In unzähligen Diskussionen, Beratungsgesprächen und handfesten Disputen fällt immer wieder dieser Satz, der regelrechte Glaubenskriege auszulösen und die Pferdewelt in “Rassefetischisten” und “Pferderetter” zu teilen scheint: “Auf Papieren kann man nicht reiten!”
Die Zuschreibungen und Vorurteile der einen Gruppe gegenüber der anderen sind beiderseitig oft abenteuerlich und nicht selten bösartig, hämisch und vor Polemik strotzend – und somit ein Anlass, sich der Thematik einmal unaufgeregt, sachlich und in aller Ruhe zu widmen.
In erster Linie gilt es wohl, einige Fakten zu definieren und klarzustellen.
Hervorragendes Papier unter dem Sattel – Zen ‘fan Panhuys’ Ster Sport-Elite (Dries 421 x Fabe 348 P)
Von nichts kommt nichts
Alle heute lebenden Hauspferde, aber auch die verwilderten Populationen von Brumbys, Mustangs etc. sind wissenschaftlichen Erkenntnissen folgend Angehörige einer domestizierten Form des Wildpferdes (Equus ferus) – die letzte überlebende Unterart dieses einst offenbar formenreichen Artenkomplexes bildet das gefährdete, in der Mongolei beheimatete Przewalski-Wildpferd (Equus ferus przewalski).
Die Stammform der heute rezenten Hauspferde ist nicht eindeutig geklärt (vgl. Wallner et al. 2003; Jansen et al. 2002), Fakt ist aber, dass alle Hauspferde Produkte eines über Jahrtausende anhaltenden Domestikationsprozesses sind.
Die unter dem Domestikationsprozess verstandene “Haustierwerdung” einer Spezies ist maßgeblich durch den Faktor der bewussten oder unbewussten menschlichen Zuchtwahl bei gleichzeitiger Isolation von der wildlebenden Population gekennzeichnet – es findet also eine genetische Veränderung der Spezies aufgrund gezielter Selektionszucht durch den Menschen statt (vgl. Zeder 2012).

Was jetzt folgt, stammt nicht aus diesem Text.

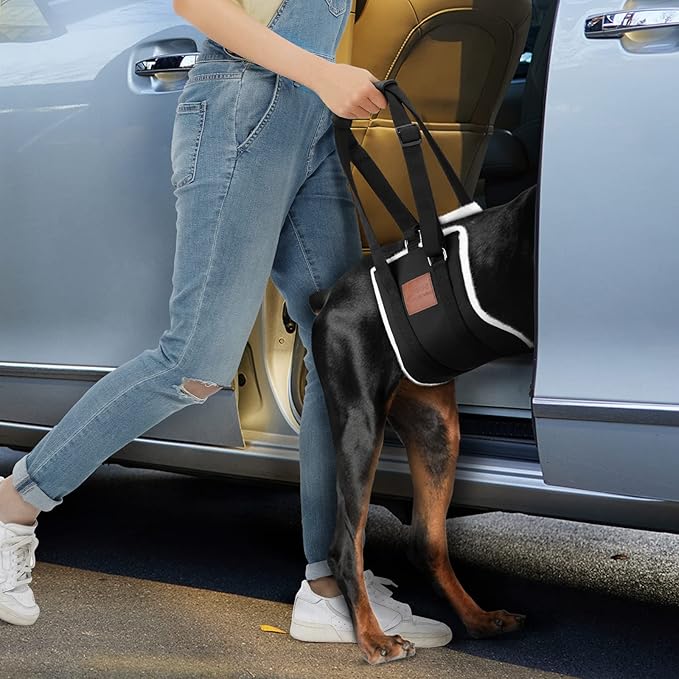 S-ETOVUS Dog Sling for Back Legs, Dog Lift Harness, Magic Tape Dog Sling for Large Dogs Hind Leg Support, Elderly Dog Lifter, Assist Canie Hip Arthritis K9 Cruciate Ligament Rehabilitation (Small)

Die Aufgliederung der domestizierten Grundform in verschiedene Rassen ist wiederum eine Verfeinerung dieser selektiven Zuchtpraxis. Es kann also die Schlussfolgerung erfolgen, dass alle heute lebenden Hauspferde – egal ob per definitionem einer Rasse zugehörig oder nicht – Produkte selektiver, durch den Menschen gesteuerter Zucht sind.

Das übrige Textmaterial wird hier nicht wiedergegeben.